We’ve all heard stories of ‘rogue traders’, whether they be a cowboy builder, plumber or roofer, or a dodgy double-glazing salesman.
Whether they’re actively out to short change you or simply aren’t doing the job to the level that you’d expect, it’s easy to be caught out by a rogue trader and, unfortunately, they often target the older members of society too.
Unfortunately, cases of rogue traders are all too common in the UK, with over 180,000 cases reported to Trading Standards, but where are you most likely to be targeted? BusinessComparison got on the case and submitted a Freedom of Information request to find out the number of complaints against tradespeople in each local authority.
Excluding London, West Yorkshire was the local authority with the most complaints about rogue traders, but how do things look when we look at the complaints per 10,000 population?
When normalising the data this way, it was actually Blackpool that had the most rogue traders, with 51.75 per 10,000 people, where police say that have recently seen a large increase in cases. This was followed by Peterborough (49.49 complaints per 10,000 people) and North Somerset (48.80 per 10,000 people).
However, at the other end of the spectrum, it turns out that many of the areas with the least complaints were found in the North East, including Hartlepool (17.59 complaints per 10,000 people), Newcastle-Upon-Tyne (23.25) and Northumberland (24.04).
Looking more specifically at the capital, Westminster was the borough with the highest concentration of complaints (48.17 per 10,000 people), which sits in the heart of central London.
However, it seems that you’re actually more likely to run into a rogue trader in some of the boroughs further out in Greater London. For example, Kingston upon Thames and Havering were the boroughs with the second and third highest concentration of complaints, while central boroughs such as Lewisham, Islington and Lambeth had the least.
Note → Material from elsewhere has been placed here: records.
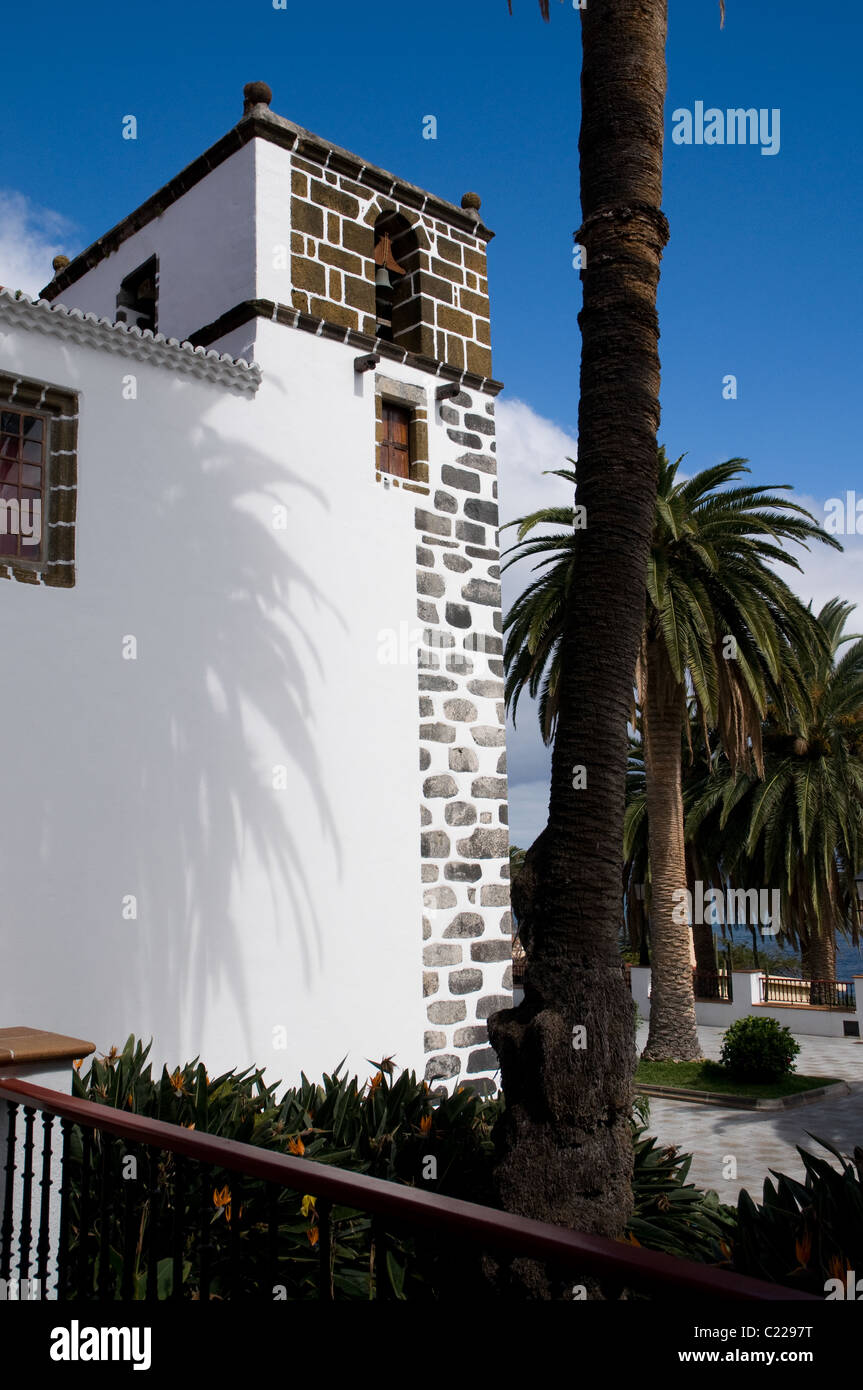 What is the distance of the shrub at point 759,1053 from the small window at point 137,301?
1197 centimetres

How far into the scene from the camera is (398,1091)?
5652 mm

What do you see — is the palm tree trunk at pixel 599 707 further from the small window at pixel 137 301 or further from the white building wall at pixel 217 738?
the small window at pixel 137 301

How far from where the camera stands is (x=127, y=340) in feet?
22.5

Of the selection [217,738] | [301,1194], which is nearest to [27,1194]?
[301,1194]

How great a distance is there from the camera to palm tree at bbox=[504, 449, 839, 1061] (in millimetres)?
15469

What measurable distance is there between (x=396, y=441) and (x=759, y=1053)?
10.6 meters

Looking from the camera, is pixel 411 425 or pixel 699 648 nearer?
pixel 411 425

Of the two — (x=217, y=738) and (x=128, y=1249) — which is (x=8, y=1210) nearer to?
(x=128, y=1249)

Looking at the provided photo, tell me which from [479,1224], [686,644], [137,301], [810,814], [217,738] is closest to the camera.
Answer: [479,1224]

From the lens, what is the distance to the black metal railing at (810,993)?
2172 centimetres

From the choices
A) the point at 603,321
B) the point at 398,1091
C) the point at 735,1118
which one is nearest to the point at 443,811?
the point at 398,1091

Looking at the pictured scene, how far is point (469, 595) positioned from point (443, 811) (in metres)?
1.75

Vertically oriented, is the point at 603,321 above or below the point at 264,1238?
above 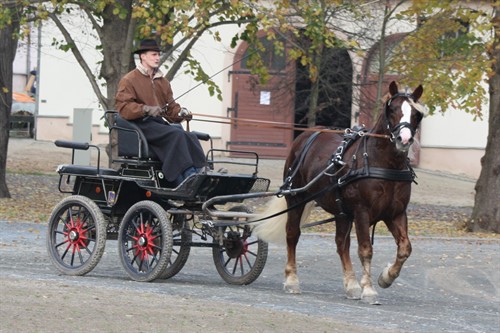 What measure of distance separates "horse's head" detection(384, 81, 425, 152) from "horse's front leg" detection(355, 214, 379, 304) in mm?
835

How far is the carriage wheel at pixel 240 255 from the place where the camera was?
1251 cm

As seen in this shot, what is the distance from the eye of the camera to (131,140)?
40.1ft

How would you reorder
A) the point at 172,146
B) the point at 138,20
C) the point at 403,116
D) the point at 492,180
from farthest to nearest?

We submitted a Freedom of Information request to the National Association of Citizens Advice Bureaux, requesting the number of Citizens Advice clients who reported a consumer issue relating to tradespeople, which was subsequently referred to Trading Standards between April 2019 and March 2020 (broken down by local authority and London borough).
The data included is for England and Wales only, excluding data where the local authority is unknown. Data was also excluded where the referral number was less than six, to avoid identifying the data subjects or individual complainant.
Complaints per 10,000 people were calculated using estimates of the population for the UK, England and Wales, Scotland and Northern Ireland from the Office for National Statistics.